Records from a dataset
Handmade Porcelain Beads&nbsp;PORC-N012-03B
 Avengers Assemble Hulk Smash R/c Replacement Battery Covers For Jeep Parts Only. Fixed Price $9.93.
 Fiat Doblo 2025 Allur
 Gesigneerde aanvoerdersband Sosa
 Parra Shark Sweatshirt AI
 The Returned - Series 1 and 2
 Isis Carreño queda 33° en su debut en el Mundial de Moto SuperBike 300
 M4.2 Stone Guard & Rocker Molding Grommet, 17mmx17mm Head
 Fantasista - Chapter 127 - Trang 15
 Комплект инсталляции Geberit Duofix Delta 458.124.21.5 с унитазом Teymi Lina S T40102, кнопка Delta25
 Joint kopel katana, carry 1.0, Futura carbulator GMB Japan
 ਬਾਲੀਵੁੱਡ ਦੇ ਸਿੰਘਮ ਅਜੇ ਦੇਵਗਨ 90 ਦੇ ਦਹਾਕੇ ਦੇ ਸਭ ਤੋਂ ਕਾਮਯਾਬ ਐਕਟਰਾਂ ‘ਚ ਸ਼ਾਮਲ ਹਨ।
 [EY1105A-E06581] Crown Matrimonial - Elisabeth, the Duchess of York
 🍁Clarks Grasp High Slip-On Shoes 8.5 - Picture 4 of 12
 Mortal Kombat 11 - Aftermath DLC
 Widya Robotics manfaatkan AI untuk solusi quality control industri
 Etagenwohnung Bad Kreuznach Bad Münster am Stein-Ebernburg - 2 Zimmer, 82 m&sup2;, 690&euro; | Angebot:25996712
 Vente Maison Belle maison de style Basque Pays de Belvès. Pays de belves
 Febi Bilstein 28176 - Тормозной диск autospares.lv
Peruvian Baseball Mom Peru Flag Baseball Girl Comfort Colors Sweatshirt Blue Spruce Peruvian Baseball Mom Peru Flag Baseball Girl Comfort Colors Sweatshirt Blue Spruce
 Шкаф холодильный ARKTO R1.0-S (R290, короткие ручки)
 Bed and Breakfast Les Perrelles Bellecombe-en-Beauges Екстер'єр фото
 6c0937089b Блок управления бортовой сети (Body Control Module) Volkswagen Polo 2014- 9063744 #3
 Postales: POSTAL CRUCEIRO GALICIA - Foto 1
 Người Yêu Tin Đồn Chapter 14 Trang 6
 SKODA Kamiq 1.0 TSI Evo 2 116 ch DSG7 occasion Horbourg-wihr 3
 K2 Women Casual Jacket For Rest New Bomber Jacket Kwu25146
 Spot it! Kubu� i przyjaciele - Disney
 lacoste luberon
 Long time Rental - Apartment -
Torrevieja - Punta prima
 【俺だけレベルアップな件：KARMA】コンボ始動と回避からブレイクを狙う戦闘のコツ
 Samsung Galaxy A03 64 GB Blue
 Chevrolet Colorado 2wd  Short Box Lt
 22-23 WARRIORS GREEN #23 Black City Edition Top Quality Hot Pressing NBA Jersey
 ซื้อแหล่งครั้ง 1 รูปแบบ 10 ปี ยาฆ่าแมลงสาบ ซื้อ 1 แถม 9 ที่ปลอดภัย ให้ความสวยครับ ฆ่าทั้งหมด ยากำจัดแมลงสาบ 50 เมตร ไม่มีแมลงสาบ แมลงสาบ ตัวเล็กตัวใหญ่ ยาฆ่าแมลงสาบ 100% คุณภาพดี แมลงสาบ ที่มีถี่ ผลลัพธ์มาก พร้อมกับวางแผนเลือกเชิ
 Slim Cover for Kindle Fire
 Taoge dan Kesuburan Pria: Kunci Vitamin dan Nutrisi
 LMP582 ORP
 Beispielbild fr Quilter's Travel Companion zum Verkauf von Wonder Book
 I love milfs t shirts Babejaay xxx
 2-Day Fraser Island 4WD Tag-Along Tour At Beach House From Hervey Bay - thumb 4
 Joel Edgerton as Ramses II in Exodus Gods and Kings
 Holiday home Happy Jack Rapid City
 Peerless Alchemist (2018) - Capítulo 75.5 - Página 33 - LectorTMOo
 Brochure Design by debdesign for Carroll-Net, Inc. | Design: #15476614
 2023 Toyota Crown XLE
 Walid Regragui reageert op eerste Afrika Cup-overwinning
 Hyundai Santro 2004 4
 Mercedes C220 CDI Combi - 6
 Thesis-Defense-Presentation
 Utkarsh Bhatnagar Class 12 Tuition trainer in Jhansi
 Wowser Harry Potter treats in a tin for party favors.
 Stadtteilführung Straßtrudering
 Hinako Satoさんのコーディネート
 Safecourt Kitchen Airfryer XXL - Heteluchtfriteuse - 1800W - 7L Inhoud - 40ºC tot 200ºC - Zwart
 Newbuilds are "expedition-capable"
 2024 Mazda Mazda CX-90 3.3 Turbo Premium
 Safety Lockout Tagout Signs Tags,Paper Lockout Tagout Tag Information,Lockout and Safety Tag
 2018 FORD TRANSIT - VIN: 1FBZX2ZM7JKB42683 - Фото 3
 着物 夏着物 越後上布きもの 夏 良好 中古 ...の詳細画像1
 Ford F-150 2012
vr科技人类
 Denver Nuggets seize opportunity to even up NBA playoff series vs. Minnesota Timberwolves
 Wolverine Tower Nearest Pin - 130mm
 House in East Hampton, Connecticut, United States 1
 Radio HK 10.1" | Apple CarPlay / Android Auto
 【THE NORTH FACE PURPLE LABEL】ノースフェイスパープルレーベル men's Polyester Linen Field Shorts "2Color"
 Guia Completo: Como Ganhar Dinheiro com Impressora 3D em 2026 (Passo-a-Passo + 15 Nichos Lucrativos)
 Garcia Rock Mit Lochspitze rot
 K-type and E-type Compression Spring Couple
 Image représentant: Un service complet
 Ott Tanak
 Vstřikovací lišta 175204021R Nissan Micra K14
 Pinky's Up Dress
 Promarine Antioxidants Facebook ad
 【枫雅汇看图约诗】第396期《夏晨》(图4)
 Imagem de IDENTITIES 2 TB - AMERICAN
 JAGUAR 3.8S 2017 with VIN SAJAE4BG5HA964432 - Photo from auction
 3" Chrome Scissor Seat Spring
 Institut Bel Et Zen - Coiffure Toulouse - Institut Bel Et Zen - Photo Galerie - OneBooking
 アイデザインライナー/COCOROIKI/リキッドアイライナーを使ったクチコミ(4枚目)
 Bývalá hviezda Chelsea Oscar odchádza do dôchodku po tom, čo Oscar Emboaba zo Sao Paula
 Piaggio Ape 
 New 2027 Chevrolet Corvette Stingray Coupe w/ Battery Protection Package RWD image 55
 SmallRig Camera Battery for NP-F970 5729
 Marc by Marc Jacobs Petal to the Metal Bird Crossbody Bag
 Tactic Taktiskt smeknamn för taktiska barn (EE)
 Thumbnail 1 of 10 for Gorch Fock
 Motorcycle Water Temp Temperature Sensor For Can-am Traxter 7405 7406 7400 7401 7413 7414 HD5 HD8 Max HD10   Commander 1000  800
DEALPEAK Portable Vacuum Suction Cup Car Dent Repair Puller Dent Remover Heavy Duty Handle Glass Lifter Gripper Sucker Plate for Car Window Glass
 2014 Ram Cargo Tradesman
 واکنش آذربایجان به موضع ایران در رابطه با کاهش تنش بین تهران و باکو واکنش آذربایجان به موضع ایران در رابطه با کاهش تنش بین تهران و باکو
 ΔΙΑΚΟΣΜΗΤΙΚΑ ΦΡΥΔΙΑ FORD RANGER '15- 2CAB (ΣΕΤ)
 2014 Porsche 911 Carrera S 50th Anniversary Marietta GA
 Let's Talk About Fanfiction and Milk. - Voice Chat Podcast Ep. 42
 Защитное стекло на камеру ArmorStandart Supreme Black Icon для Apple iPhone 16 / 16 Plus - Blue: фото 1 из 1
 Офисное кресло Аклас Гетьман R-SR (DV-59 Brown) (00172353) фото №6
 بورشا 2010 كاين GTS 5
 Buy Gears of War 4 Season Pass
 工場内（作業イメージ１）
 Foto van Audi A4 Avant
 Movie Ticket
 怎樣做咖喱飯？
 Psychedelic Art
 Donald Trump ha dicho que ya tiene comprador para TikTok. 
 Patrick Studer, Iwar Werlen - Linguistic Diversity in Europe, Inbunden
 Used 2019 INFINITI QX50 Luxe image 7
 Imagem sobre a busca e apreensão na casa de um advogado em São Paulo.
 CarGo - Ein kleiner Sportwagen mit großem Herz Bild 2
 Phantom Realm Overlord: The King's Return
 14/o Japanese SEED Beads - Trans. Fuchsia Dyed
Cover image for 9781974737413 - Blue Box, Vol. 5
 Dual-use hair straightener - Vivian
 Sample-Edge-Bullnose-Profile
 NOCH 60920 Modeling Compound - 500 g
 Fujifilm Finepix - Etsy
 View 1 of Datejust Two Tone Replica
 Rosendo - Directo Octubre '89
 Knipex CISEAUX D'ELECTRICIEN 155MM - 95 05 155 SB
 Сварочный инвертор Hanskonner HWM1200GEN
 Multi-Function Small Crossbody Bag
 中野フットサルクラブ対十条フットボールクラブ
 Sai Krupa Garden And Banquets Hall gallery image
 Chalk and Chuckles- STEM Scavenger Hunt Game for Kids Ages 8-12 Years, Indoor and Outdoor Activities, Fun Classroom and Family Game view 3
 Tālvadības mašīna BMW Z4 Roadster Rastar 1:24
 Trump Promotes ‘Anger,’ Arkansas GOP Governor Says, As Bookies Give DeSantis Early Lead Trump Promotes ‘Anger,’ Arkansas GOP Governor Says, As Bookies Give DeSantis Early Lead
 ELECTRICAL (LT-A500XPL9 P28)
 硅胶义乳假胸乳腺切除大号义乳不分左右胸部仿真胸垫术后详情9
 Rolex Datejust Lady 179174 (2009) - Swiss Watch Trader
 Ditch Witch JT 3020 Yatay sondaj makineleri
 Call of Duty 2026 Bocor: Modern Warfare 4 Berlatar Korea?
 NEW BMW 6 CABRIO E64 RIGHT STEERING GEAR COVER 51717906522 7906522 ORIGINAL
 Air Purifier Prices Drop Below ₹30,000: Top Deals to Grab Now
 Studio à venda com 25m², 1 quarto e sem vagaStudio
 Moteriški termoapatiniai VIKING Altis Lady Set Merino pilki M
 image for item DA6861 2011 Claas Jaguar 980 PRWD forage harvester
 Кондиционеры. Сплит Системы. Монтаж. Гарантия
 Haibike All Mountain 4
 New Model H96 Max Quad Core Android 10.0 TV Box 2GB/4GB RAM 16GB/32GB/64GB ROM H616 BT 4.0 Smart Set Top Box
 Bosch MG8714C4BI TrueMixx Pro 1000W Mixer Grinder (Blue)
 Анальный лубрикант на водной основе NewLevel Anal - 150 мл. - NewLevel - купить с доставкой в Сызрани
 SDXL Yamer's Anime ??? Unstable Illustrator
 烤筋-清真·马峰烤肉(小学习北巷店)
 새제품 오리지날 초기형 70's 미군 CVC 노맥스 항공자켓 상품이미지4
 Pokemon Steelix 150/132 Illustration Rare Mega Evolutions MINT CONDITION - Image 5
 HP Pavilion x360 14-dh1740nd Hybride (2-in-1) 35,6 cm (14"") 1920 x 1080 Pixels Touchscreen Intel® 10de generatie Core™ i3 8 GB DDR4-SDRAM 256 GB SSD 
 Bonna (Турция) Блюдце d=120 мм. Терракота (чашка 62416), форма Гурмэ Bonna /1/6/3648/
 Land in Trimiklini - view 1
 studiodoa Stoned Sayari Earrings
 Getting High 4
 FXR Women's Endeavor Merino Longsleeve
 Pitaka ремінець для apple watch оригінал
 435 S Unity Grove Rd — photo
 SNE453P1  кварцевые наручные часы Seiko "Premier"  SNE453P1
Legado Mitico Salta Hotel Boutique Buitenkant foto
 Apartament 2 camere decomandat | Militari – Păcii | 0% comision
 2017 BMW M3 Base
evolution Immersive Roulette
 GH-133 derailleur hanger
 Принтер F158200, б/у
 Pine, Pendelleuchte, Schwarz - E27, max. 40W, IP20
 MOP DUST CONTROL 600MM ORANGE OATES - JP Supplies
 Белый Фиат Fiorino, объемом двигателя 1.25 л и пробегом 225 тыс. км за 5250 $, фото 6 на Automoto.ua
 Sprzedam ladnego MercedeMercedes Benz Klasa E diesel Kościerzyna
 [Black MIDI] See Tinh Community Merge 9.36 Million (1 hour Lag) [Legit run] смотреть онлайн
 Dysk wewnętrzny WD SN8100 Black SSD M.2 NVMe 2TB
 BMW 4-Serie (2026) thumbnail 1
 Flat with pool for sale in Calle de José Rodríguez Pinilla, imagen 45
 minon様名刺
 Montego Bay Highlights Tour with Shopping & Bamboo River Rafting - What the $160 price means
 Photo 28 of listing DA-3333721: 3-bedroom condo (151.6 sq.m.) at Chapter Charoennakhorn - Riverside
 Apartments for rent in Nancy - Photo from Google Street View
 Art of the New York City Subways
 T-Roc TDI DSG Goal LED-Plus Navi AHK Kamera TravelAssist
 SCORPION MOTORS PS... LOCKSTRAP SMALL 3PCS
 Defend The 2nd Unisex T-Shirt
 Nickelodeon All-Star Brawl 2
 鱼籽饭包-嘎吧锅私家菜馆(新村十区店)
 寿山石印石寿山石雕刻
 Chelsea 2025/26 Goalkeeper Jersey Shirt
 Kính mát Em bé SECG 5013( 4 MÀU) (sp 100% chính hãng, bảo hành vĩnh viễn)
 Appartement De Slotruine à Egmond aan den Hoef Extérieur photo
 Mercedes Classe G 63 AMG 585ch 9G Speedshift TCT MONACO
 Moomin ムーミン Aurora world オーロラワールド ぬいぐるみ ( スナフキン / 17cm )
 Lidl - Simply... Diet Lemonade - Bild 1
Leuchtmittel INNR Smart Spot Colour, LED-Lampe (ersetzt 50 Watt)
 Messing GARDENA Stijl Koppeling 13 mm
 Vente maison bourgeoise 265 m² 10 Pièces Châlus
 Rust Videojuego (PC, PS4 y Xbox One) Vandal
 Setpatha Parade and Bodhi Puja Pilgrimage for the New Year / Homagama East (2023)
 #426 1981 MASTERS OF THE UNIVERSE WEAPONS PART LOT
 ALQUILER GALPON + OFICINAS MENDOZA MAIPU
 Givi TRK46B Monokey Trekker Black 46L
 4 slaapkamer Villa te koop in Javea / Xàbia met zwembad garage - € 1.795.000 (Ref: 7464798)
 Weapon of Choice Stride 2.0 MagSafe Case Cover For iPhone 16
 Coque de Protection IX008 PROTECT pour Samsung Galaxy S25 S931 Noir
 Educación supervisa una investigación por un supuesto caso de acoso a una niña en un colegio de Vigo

--- Directions ---
Exact reproduction is required. Give the lines of the data from its first line through the line containing "Joint kopel katana, carry", and no others.

--- Reply ---
Handmade Porcelain Beads&nbsp;PORC-N012-03B
 Avengers Assemble Hulk Smash R/c Replacement Battery Covers For Jeep Parts Only. Fixed Price $9.93.
 Fiat Doblo 2025 Allur
 Gesigneerde aanvoerdersband Sosa
 Parra Shark Sweatshirt AI
 The Returned - Series 1 and 2
 Isis Carreño queda 33° en su debut en el Mundial de Moto SuperBike 300
 M4.2 Stone Guard & Rocker Molding Grommet, 17mmx17mm Head
 Fantasista - Chapter 127 - Trang 15
 Комплект инсталляции Geberit Duofix Delta 458.124.21.5 с унитазом Teymi Lina S T40102, кнопка Delta25
 Joint kopel katana, carry 1.0, Futura carbulator GMB Japan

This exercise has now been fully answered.